Das Sommerfest 2017- Hauptsache Wasserpistolen

Gastbeitrag von Katharina Kunert

sommerfest
Kamfu mir helfen?“ fragt der Elefant

„Pssst, Eltern – ihr seid zu laut!“ Beim Taka-Tuka-Land-Sommerfest tauschen Eltern und Kinder die Rollen.

Gespannt sitzen rund 20 Kinder jeden Alters auf ihren Stühlen und lauschen konzentriert Eliyah, der mit verstellter Stimme aus dem Kinderbuch-Klassiker „Wo die wilden Kerle wohnen“ vorliest. Wenn er brüllt wie ein wilder Kerl zucken die Kinder zusammen – wenn es spannend und gefährlich wird rücken die Kleinen vor Spannung an den Rand ihrer Stühle. In ihren bunt geschminkten Gesichtern breitet sich erst ein erleichtertes Lachen aus, als der kleine Protagonist wieder in Sicherheit ist. Dann dürfen sie selbst ran – mit Puppen spielen sie die Geschichte des nächsten Kinderbuchs nach und bangen bei Wettrennen und -Namenschreiben um den Sieg ihrer Gruppen: Die Gruppe, deren Mitglieder als erstes ihre Namen eigenhändig nacheinander auf eine Tafel geschrieben hat, gewinnt. Als eine Gruppe schon in Siegesjubel ausbrechen will wird es plötzlich spannend: Wer ist dieser „RIFO“ der sich vorne auf der Tafel verewigt hat?

Dann die Erleichterung: Gruppenmitglied Ofir hat auf die Schnelle einfach in Spiegelschrift geschrieben – bei so viel Deutsch und Hebräisch auf einem Haufen kann man eben schnell mal durcheinander kommen.

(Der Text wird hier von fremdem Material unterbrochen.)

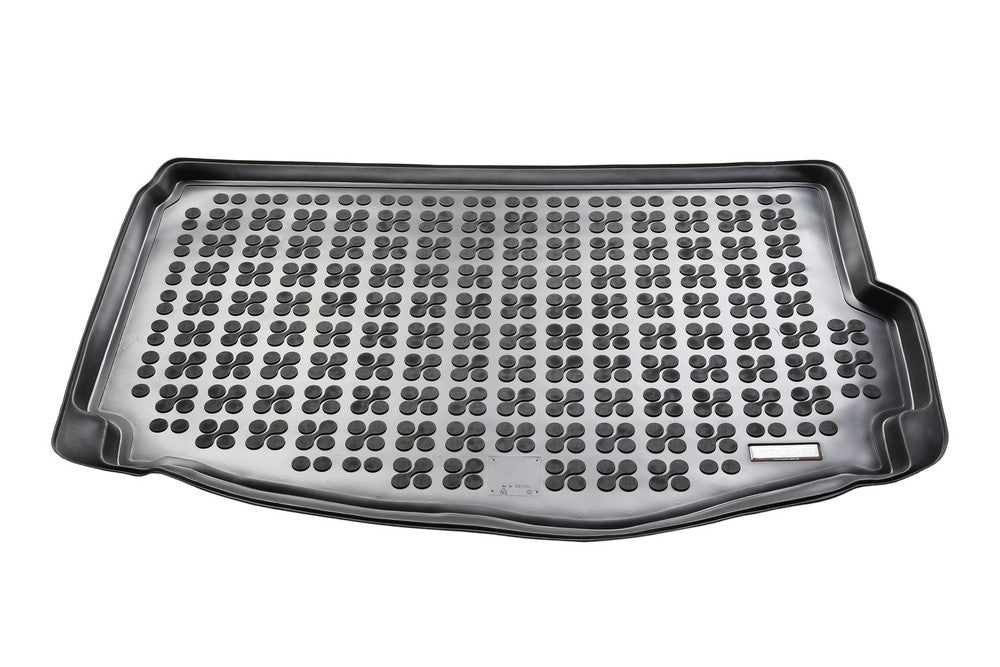 Prémium csomagtartó szőnyeg Renault SCENIC IV padló leengedett helyzetben 2016-2020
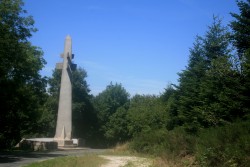 Monument aux morts guerre 39/45 Fontbruno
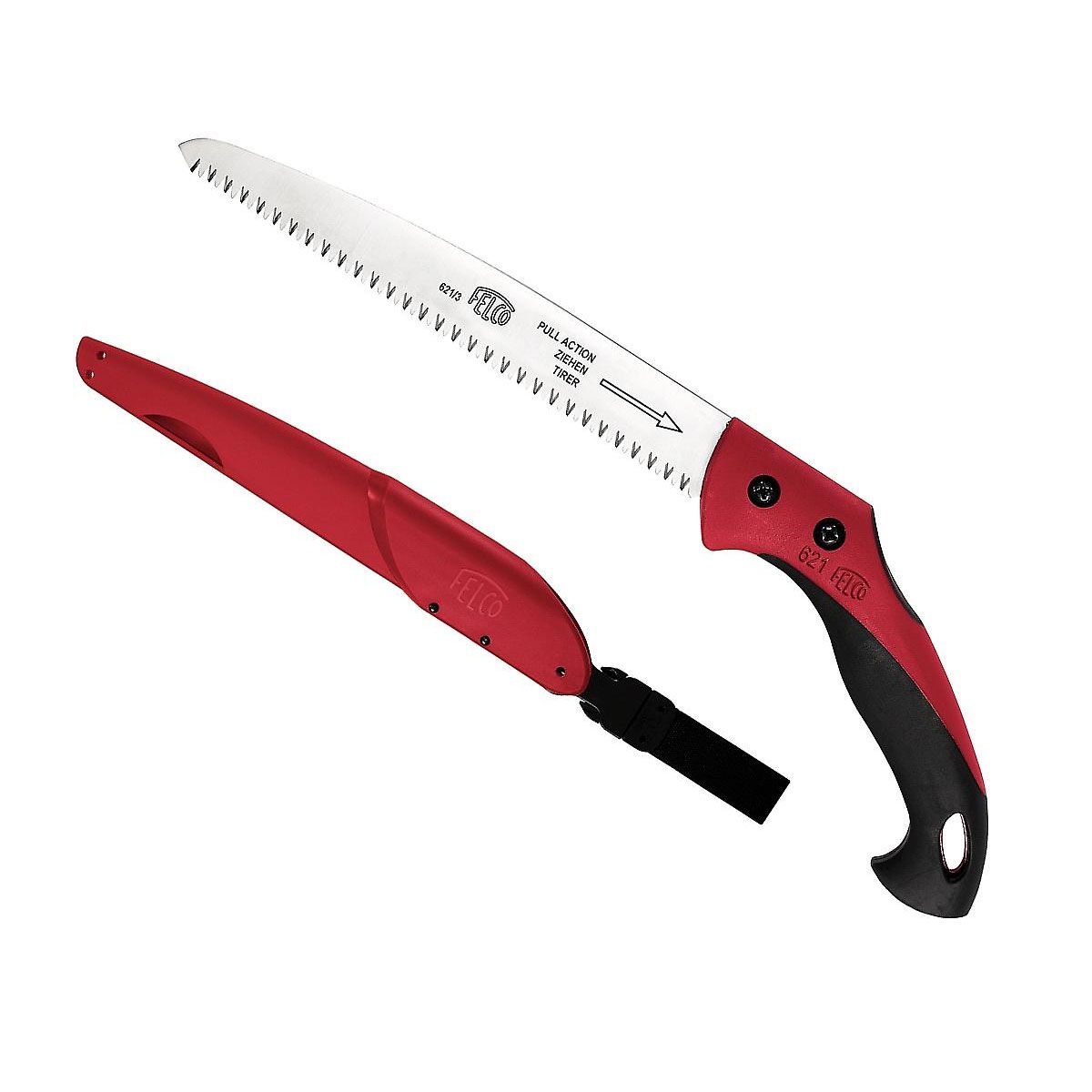 Felco 621 Grensav med Hylster - Perfekt til Fars Dag!
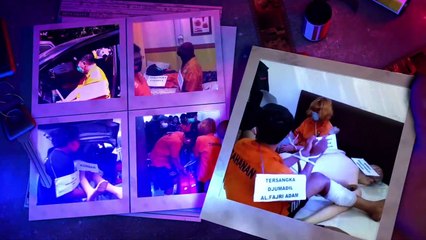 CEK TKP : Polres Serang Kota Ungkap Kasus Tindak Pidana Perdagangan Orang (3/3)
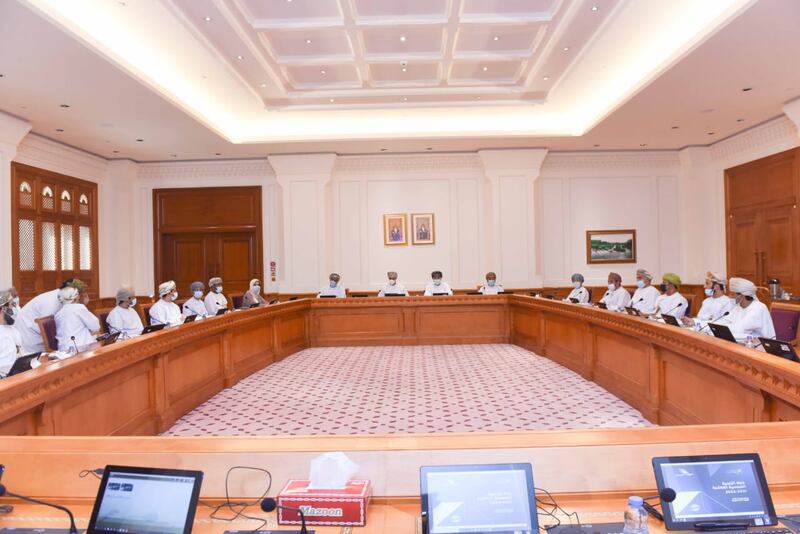 وكيلا المالية والاقتصاد في ضيافة الشورى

Doch genau dafür sind sie hier: Um deutschsprachige Freunde zu finden und auf deutsch lesen und schreiben zu lernen – so wie Tommy (8) und Mia (5), Hellas Kinder. „Vor allem Musik hilft Kindern beim Sprachen lernen“, sagt sie – „Obwohl Kinder auch ganz flexibel sind, Wörter zu singen, die sie nicht verstehen, da helfen dann entsprechende Bewegungen“.

Auch Julia hat das Sommerfest gefallen: „Das Programm war wirklich gut – und ohne Programm geht gar nichts“, sagt sie.

Und für Felicitas ist eines klar: „Wasserpistolen müssen immer dabei sein“.